--- Work to complete ---
Omit all pictures. Copy exactly the lines from the line containing "Dettol Antibacterial Multipurpose" to the end of the listing, with both ends included.
─── Collected material ───
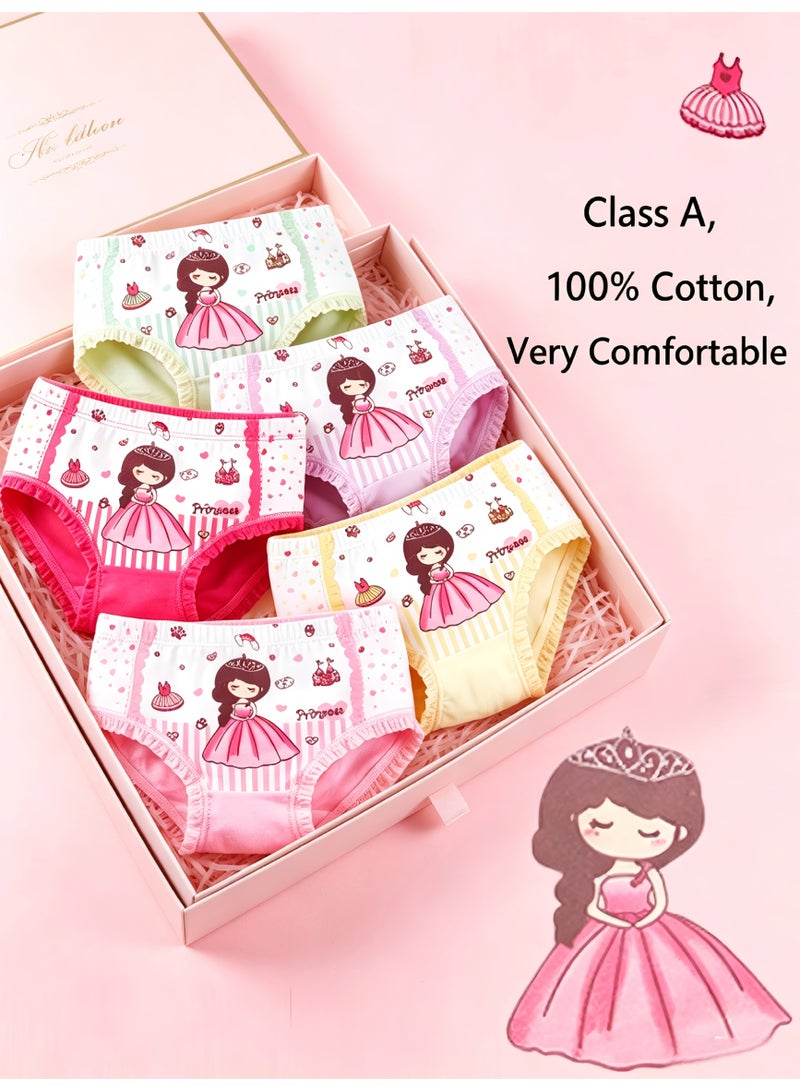Girls' Cotton Underwear 5-Pack, Cartoon Print Briefs, A-Class Antibacterial Kids' Panties（20-25Kg） - Image 5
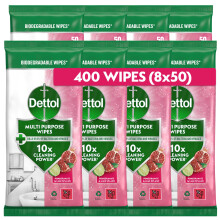 Dettol Antibacterial Multipurpose Cleaning Wipes, Pomegranate & Lime, 400 Wipes (50 x 8pck) Disinfectant, Biodegradable, 10X Cleaning power vs Water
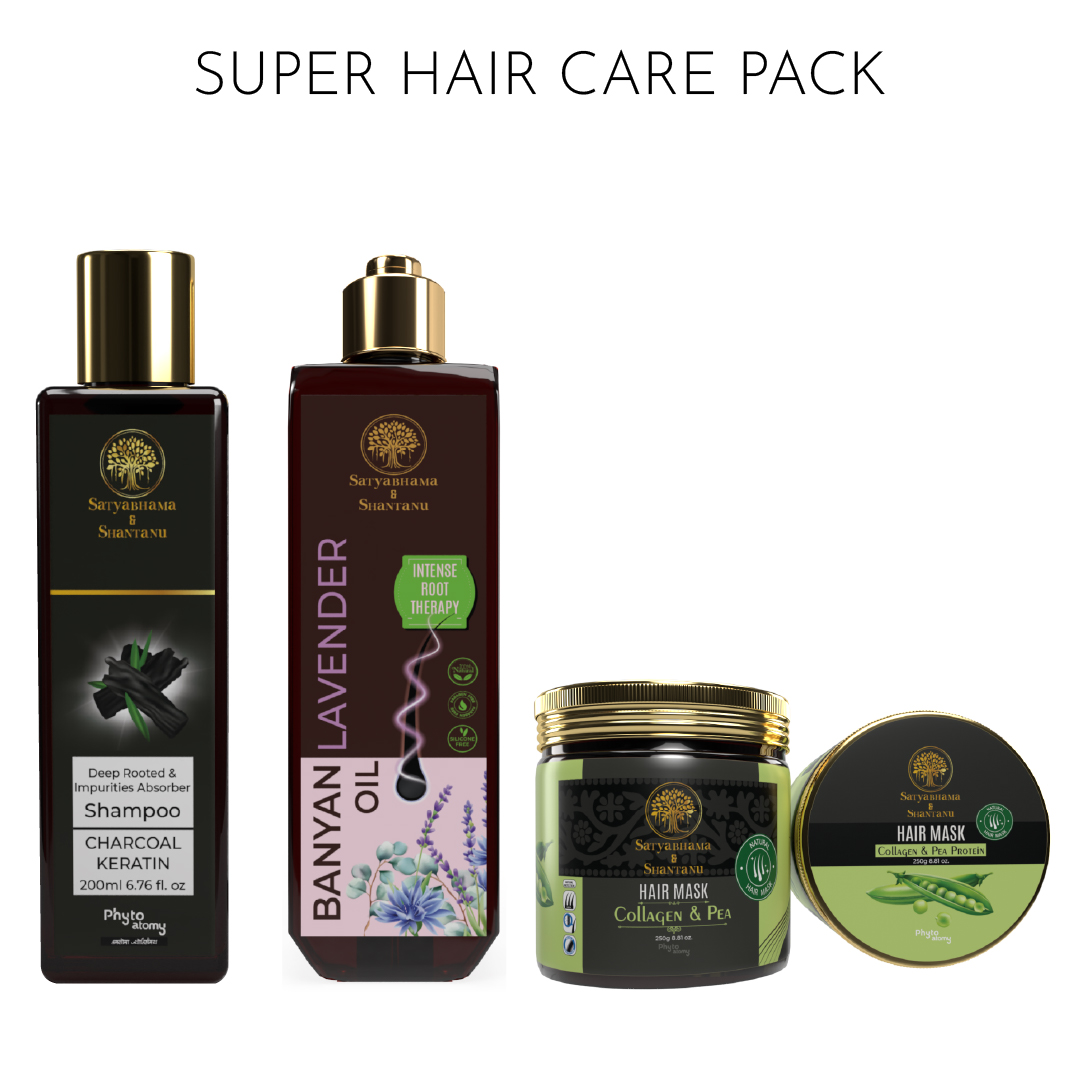 Charcoal Keratin Shampoo (200 ml) + collagen & Pea Protein Hair Mask (250 g) + Banyan Lavender Hair Oil (200 ml)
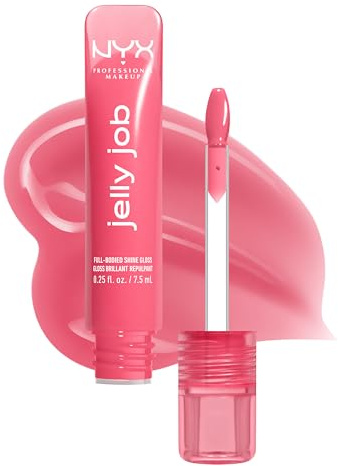 NYX Professional Makeup Lip Gloss, Plumping Peptide Formula, Jelly Blushin' | High-Shine Plumping Lip Gloss with Peptide Complex & Cherry Oil for Glassy, Non-Sticky Volume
───
--- Written solution ---
 Dettol Antibacterial Multipurpose Cleaning Wipes, Pomegranate & Lime, 400 Wipes (50 x 8pck) Disinfectant, Biodegradable, 10X Cleaning power vs Water
 Charcoal Keratin Shampoo (200 ml) + collagen & Pea Protein Hair Mask (250 g) + Banyan Lavender Hair Oil (200 ml)
 NYX Professional Makeup Lip Gloss, Plumping Peptide Formula, Jelly Blushin' | High-Shine Plumping Lip Gloss with Peptide Complex & Cherry Oil for Glassy, Non-Sticky Volume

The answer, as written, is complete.